Meningococcal cases in Germany shared same strain
Stars and Stripes March 17, 2006
Lab tests conducted on a Kitzingen teen who contracted meningococcal disease earlier this month found that he carried the same strain that killed the 23-year-old spouse of a Schweinfurt soldier in February, according to one of Germany’s leading infectious disease experts.
Furthermore, the particular strain — Type C meningitis — is “extremely rare here in Germany,” said Dr. Ulrich Vogel, a professor at Germany’s national reference laboratory for meningococcal disease.
“From the laboratory’s point of view, they (the cases) are linked,” Vogel said in a telephone interview Thursday. “The bugs are identical.”
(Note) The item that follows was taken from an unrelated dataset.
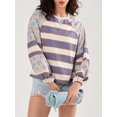 thumbnail image 4 of SUNSIOM Chandails Amples pour Femmes à Rayures Contrastées Imprimé Floral Manches Longues Pulls Décontractés Printemps Automne, 4 of 6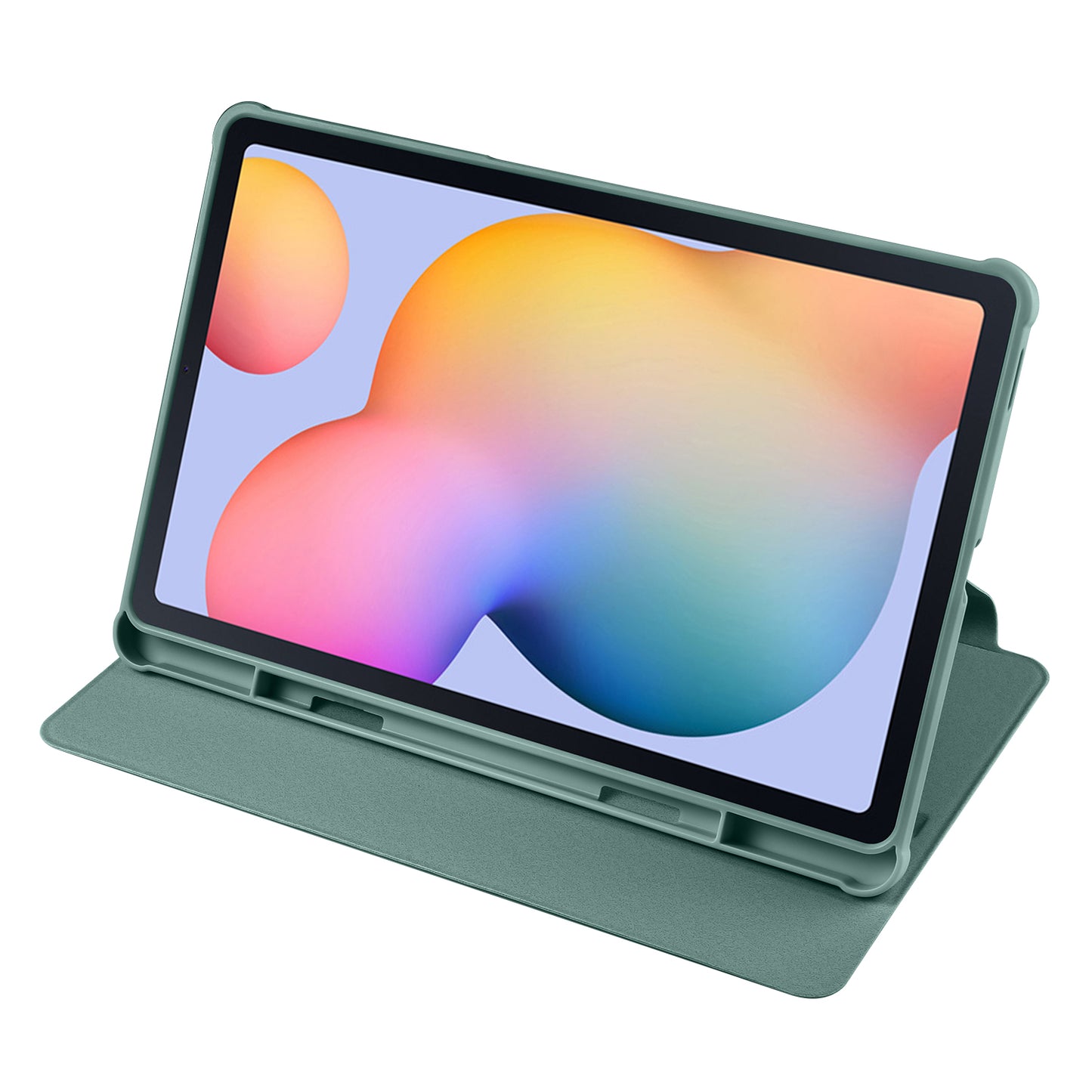 Uniqkart for Samsung Galaxy Tab S6 Lite / S6 Lite (2022) Anti-Drop Tablet Case 360-Degree Rotating Stand PU Leather Acrylic Cover - Blackish Green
But Vogel added that doesn’t mean there is a direct link between the two individuals, as in she gave the disease to him. Rather, he explained, the “bug” may be part of a “significant cluster” of epidemiological activity involving other individuals that is somehow linked.
“It’s unusual to have two cases of that kind in such an area and in such a time span,” Vogel said. “It’s not likely to have this [happen] by chance.”
The distance between Kitzingen and Schweinfurt is about 25 miles. The two cases occurred about five weeks apart. That time frame is well beyond the normal incubation period for meningococcal disease but not at all outside the realm of possibility, based on documented cases, Vogel said.
Both Americans worked at the commissary in their respective communities, though, at least for now, there is absolutely no indication that that played a primary role in their illnesses, U.S. authorities said.
The two individuals “are not directly linked,” said Maj. Heidi Whitescarver, chief of preventive medicine at the Würzburg Army Hospital. “They didn’t know each other. They didn’t travel in the same circles.”
That was confirmed by the father of Christopher Screen, the 16-year-old from Kitzingen who contracted meningitis nearly two weeks ago.
“They never knew each other,” said Audwin Screen, a civilian who works for the U.S. Army. “We have no idea what the relationship is between the young woman who died and Christopher’s illness.”
The German doctors who are treating Christopher Screen had planned to discharge him Thursday, but changed course after the teen developed a slight fever. Audwin Screen said his son will probably remain at the children’s hospital in Würzburg for another day or two.
Doctors “are very happy with his progress,” Audwin Screen said. “He’s still moving slowly. He’s still healing.”
Screen said his family feels quite fortunate, since the disease this year has already claimed the lives of three Americans living in Germany, including Pfc. Dave Robbins, a 20-year-old soldier from Kitzingen.
In addition to Robbins, Lindsey Ferris, a 26-year-old agent with the Office of Special Investigations at Spangdahlem Air Base, and Kimberly Wesson, a 23-year-old spouse from Schweinfurt, died from meningococcal disease.
Robbins and Ferris succumbed to septicemia, another form of the disease, while Wesson died from Type C meningitis. None of the first three cases were related to each other, officials have said.
One of the primary symptoms of meningococcal disease is high fever accompanied by severe headache and stiff neck and shoulders. Nausea and vomiting are also symptoms.
Meningococcal disease can be fatal in two ways.
The disease attacks the meninges, the thin layers of tissue that cover the brain and spinal cord, which can disable the brain and central nervous system.
The septicemia form of the disease occurs when bacteria multiplies in the blood, generating poisons that can make a person feel ill and feverish. In turn, the poisons damage the walls of the blood vessels, causing blood to seep out, which will shut down a person’s circulatory system.